# Information shown
▬▬▬▬▬▬
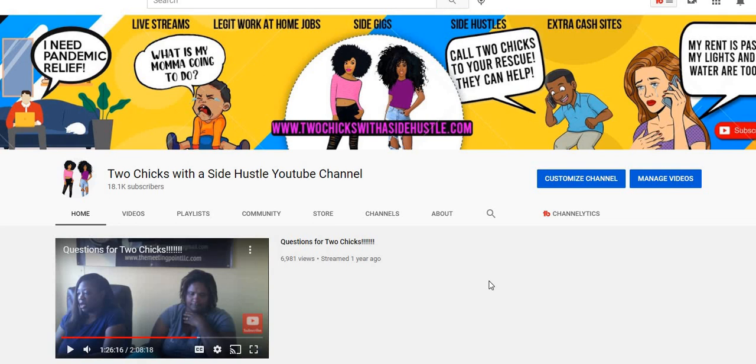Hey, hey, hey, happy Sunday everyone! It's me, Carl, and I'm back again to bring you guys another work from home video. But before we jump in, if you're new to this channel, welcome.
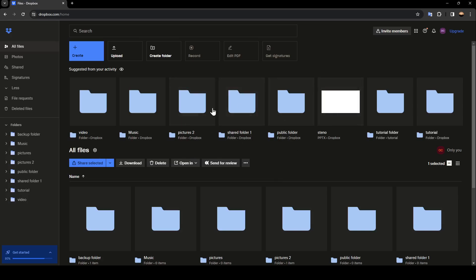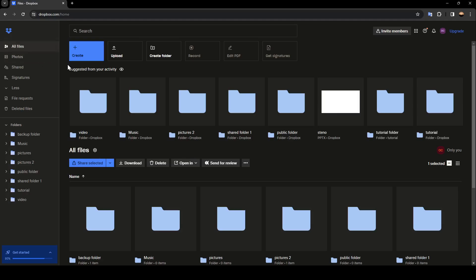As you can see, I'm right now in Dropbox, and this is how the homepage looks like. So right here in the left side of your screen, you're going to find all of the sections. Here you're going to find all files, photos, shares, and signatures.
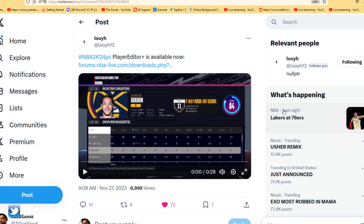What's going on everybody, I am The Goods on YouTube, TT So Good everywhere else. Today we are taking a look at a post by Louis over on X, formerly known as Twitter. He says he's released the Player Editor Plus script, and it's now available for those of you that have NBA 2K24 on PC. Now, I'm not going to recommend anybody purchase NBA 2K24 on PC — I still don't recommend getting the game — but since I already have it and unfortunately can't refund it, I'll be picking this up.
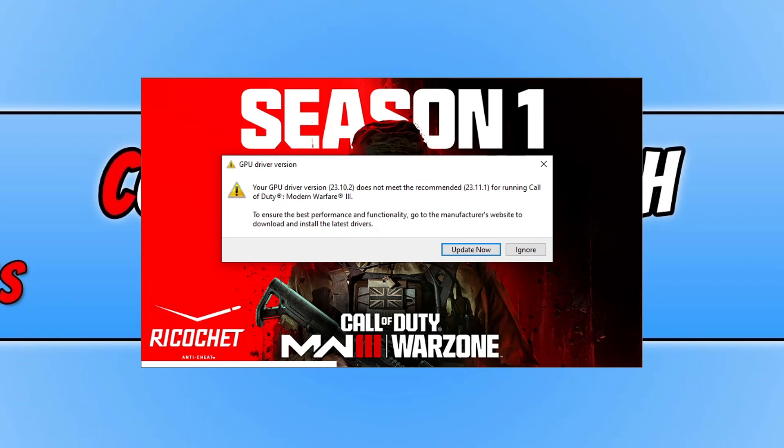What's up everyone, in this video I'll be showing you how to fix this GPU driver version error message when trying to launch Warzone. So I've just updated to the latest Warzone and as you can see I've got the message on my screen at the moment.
▬▬▬▬▬▬
# Task goal
Transcribe the full listing exactly, but keep every image out of it.

# Reply to the exercise
Hey, hey, hey, happy Sunday everyone! It's me, Carl, and I'm back again to bring you guys another work from home video. But before we jump in, if you're new to this channel, welcome.
As you can see, I'm right now in Dropbox, and this is how the homepage looks like. So right here in the left side of your screen, you're going to find all of the sections. Here you're going to find all files, photos, shares, and signatures.
What's going on everybody, I am The Goods on YouTube, TT So Good everywhere else. Today we are taking a look at a post by Louis over on X, formerly known as Twitter. He says he's released the Player Editor Plus script, and it's now available for those of you that have NBA 2K24 on PC. Now, I'm not going to recommend anybody purchase NBA 2K24 on PC — I still don't recommend getting the game — but since I already have it and unfortunately can't refund it, I'll be picking this up.
What's up everyone, in this video I'll be showing you how to fix this GPU driver version error message when trying to launch Warzone. So I've just updated to the latest Warzone and as you can see I've got the message on my screen at the moment.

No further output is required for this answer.